AsyncValue's type erasure simplifies code that does not need to access the contained data. For example, BEFExecutor uses one generic code path based on AsyncValues to forward results from one kernel to arguments to another kernel.

AsyncValueRef

AsyncValueRef improves type safety when type erasure is not needed.

AsyncValueRef is functionally equivalent to RCReference<AsyncValue>, except that it carries type information for the contained data. For example these two code blocks are equivalent:

// AsyncValueRef version. Note how int32_t is specified in AsyncValueRef's
// template parameter. Prefer this version when type erasure is not needed.
AsyncValueRef<int32_t> int_value = ...;
int_value.emplace(42);
// RCReference<AsyncValue> version. Note how int32_t is specified in emplace's
// template parameter. Use this pattern when type erasure is needed.
RCReference<AsyncValue> int_value = ...;
int_value->emplace<int32_t>(42);

For example, TensorHandle is constructed from two AsyncValues, one which must contain TensorMetadata and another which must contain Tensor.

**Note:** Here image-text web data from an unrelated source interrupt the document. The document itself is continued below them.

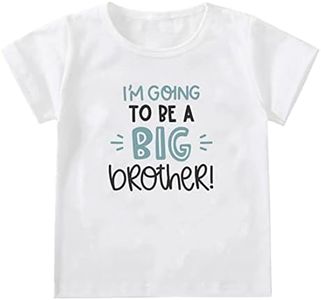 Big Brother T Shirts Tops Toddler Baby Boy I’m Going to be a Big Brother Announcement Tees Clothes Novelty Gift Summer Outfit, Bling Big-white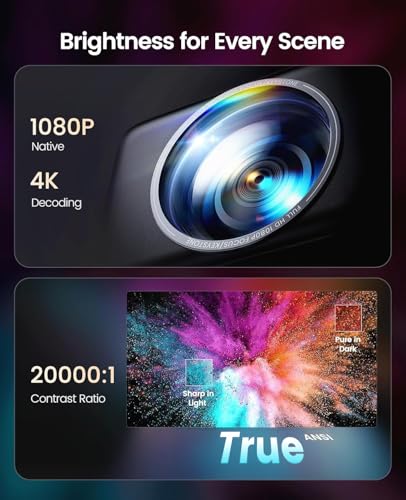 [Built-in Official App/4K Support/Compact]Smart-Projector with WiFi6 and Bluetooth, Outdoor Movie Projector & DoIby , Compatible with YouTube/PrimeVideo, AI Auto Focus, Portable Home Proyector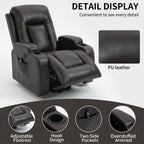 Fauteuil inclinable électrique pour personnes âgées, 8 réglages de massage, chauffage, USB, porte-gobelets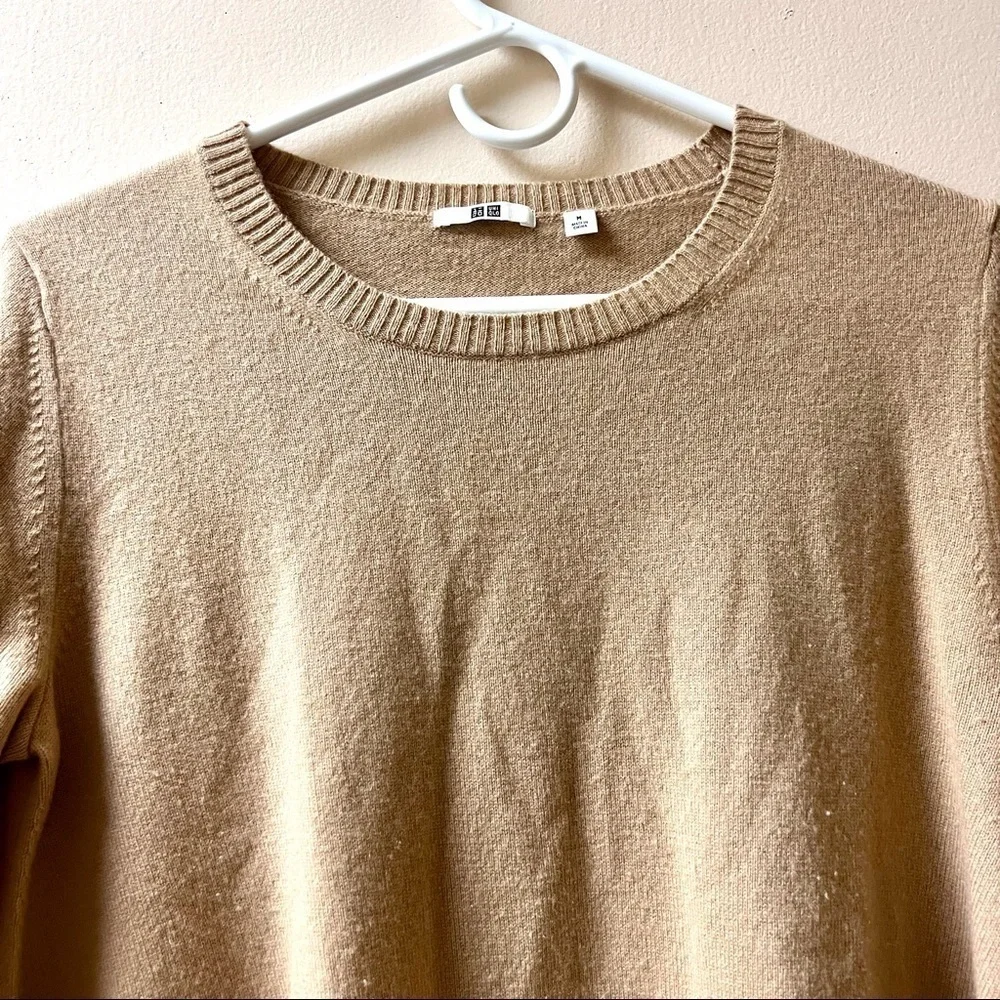 UNIQLO Cashmere oversized Mocha Whipstitch Knit pullover Sweater womens size M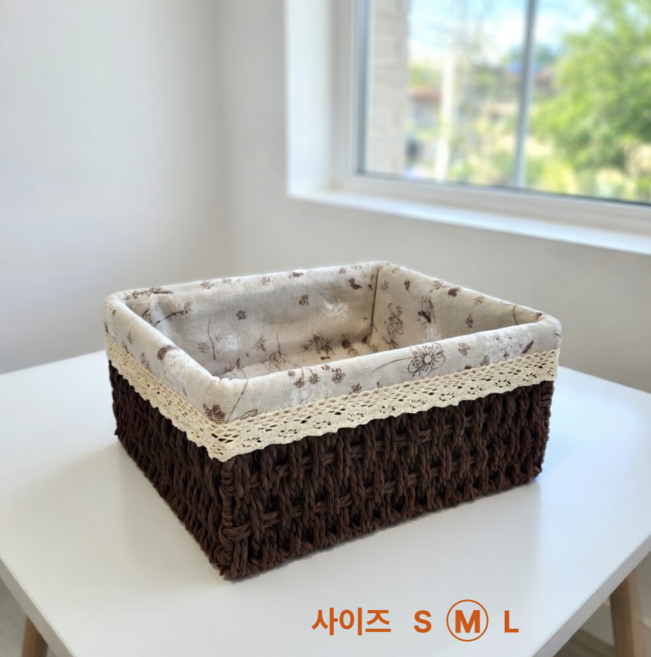 라타니에 라탄 바구니+리넨커버 세트, 모카브라운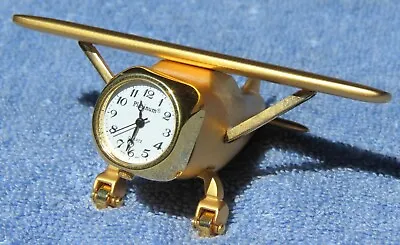 Mini PLATINUM® Gold-Toned Solid Metal Airplane Quartz Clock-Needs Battery  • $20.72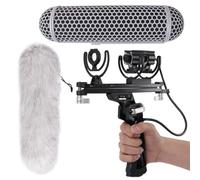 Micolive Microphone de mise à niveau avec système de suspension antichoc, câble XLR, Furry Deadcat compatible avec Rode NTG1/2/3/4/5 AT875R, Boya/MKE 600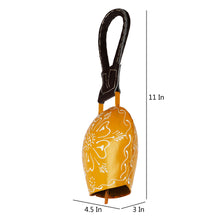 Load image into Gallery viewer, Hand Painted Cow Bell (Yellow)
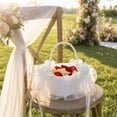 thumbnail image 7 of romoty Wedding Flower Girl Basket, 7.09x4.72x4.72 Inch Pearl Handle Tulle Layered Skirt & Flower Accent White Petal Basket for Ceremony, 7 of 7
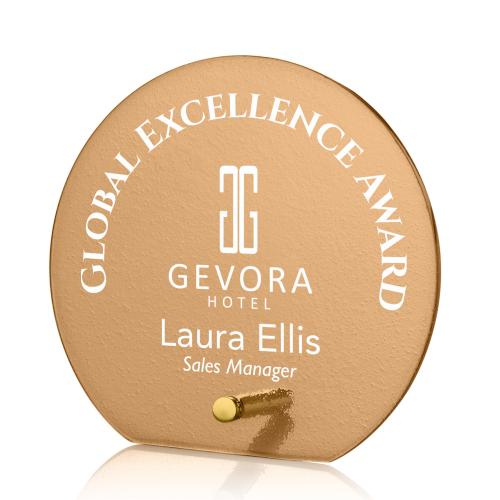 Awards and Trophies - Crystal Awards - Glass Awards - Atchison Russet Gold Circle Glass Award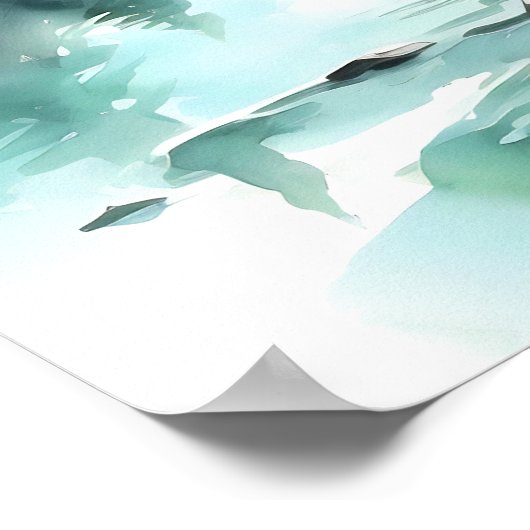 Mountain Lake Waterverf Schilderij Art Print (Hoek)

Because these two AsyncValues must contain specific types, prefer defining TensorHandles constructor like this:

// Prefer AsyncValueRef for TensorHandle's constructor because the AsyncValues
// must contain specific types.
TensorHandle(AsyncValueRef<TensorMetadata> async_metadata,
             AsyncValueRef<Tensor> tensor);

instead of like this:

// Type erasure is not useful here because the AsyncValues must contain specific
// types.
TensorHandle(RCReference<AsyncValue> async_metadata,
             RCReference<AsyncValue> tensor);

In this example, type erasure is not useful because TensorHandle's constructor expects AsyncValues that contain specific types. TensorHandle's constructor does not accept AsyncValues containing arbitrary types.

AsyncValueRef conversions

AsyncValueRef and RCReference<AsyncValue> are functionally equivalent so we often convert between the two as needed. For example:

// Convert RCReference<AsyncValue> to AsyncValueRef. This is an explicit
// conversion because the contained type must be specified.
RCReference<AsyncValue> generic_value = ...;
AsyncValueRef<int32_t> typed_value(std::move(generic_value));
// AsyncValueRef is implicitly convertible to RCReference<AsyncValue>.
AsyncValueRef<int32_t> typed_value = ...;
RCReference<AsyncValue> generic_value = std::move(typed_value);

AsyncValuePtr

AsyncValuePtr improves type safety of the raw AsyncValue pointer when type erasure is not needed, without any reference counting overheads of the AsyncValueRef. Because AsyncValuePtr is not reference counted, it is the user responsibility to guarantee that the underlying async value will stay alive.

In general it is a bad idea to capture a pointer to an AsyncValue without reference counting, because the underlying refence count number will be "incorrect", however it is really cheap to pass around when the lifetime of the underlying value is clear from the context, and reference counting only adds overheads.

// Prefer this version when the lifetime of the async value reference is clear.
AsyncValueRef<int32_t> ref = ...;
AsyncValuePtr<int32_t> ptr(ref);  // or ref.AsPtr() as in the example below

// Capturing async value as a pointer is cheap compared to the reference counted
// AsyncValueRef which requires two atomic operations (AddRef and DropRef).
some_other_async_value.AndThen([ptr = ref.AsPtr()]() {
  ...
});

Calling convention

The same calling convention is used for both:

Running a kernel : BEFExecutor is the caller, and the kernel_fn is the callee.

Executing a BEF function : a caller invokes BEFExecutor::Execute, usually via BEFFunction::Execute, and a newly constructed BEFExecutor is the callee.

Caller's responsibilities

Arguments : The caller must keep all arguments alive. This is known as a "+0" calling convention.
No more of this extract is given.